Editorial Board

Trump’s Trade Disagreements

The president-elect says it’s over for unfair trade. He has his work cut out for him.

Made in America.

Photographer: Jeff Swensen/Getty Images

Come Jan. 20, President-elect Donald J. Trump will start carrying out his agenda. How does he expect to turn his promises into policy? Do his plans make sense? If not, what should he do? Finally, given the political realities of Washington, what’s most likely to happen? This is part of a series of editorials that try to answer these questions.

What he says he’ll do: Trump says it’s over for unfair trade. He promises to kill the Trans-Pacific Partnership and renegotiate the North American Free Trade Agreement. He says he’ll confront China’s trade offenses with “every lawful presidential power,” bringing cases at the World Trade Organization, declaring China a currency manipulator and, if necessary, imposing punitive tariffs. He’s said little about the proposed U.S.-EU trade deal, the Transatlantic Trade and Investment Partnership, whose prospects were poor to begin with.

Does that make sense? Free-trade pacts promote competition and growth, and raise living standards overall. TPP and NAFTA are complicated agreements, years in the making and not perfect in every respect -- but they serve U.S. interests. China used to keep its currency undervalued to promote its exports, but that’s no longer true. Trade does cause dislocation and makes some workers worse off, but the harm caused by the trade wars Trump might provoke would be vastly greater.

What he ought to do: He should let TPP go ahead, leave NAFTA alone, and not pick trade fights with China or other partners. The best way to protect the victims of competition is with policies to support incomes and encourage investment in skills: more generous wage subsidies (such as the earned-income tax credit), better schools and vocational training, more help for workers relocating, lower barriers to small-business expansion (such as overly strict occupational licensing), and a stronger safety net when all else fails.

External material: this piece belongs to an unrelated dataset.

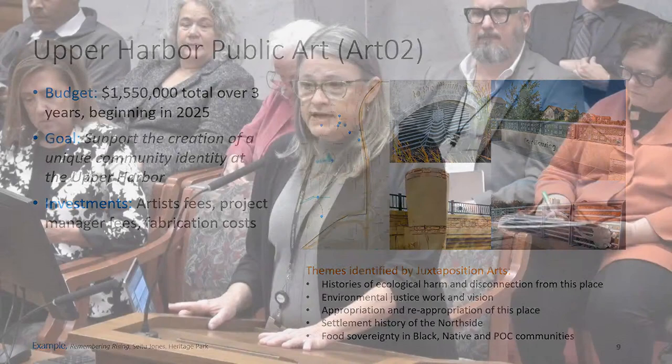Adam Arvidson concludes the Park Board capital presentation and offers to stand for questions. Chair Kosky thanks him and notes Councilmember Rainville has a question.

The most likely outcome: It won’t be easy for Trump to walk back from his militant position. Checks and balances won’t help, because in trade there aren’t many. On the other hand, carrying out his threats -- once it’s time to face the economic consequences -- will be hard as well. Cosmetic adjustments sold as big new deals and strong words with no action might be possible, with little harm done. The smart domestic-policy agenda will continue to be neglected, because it always is.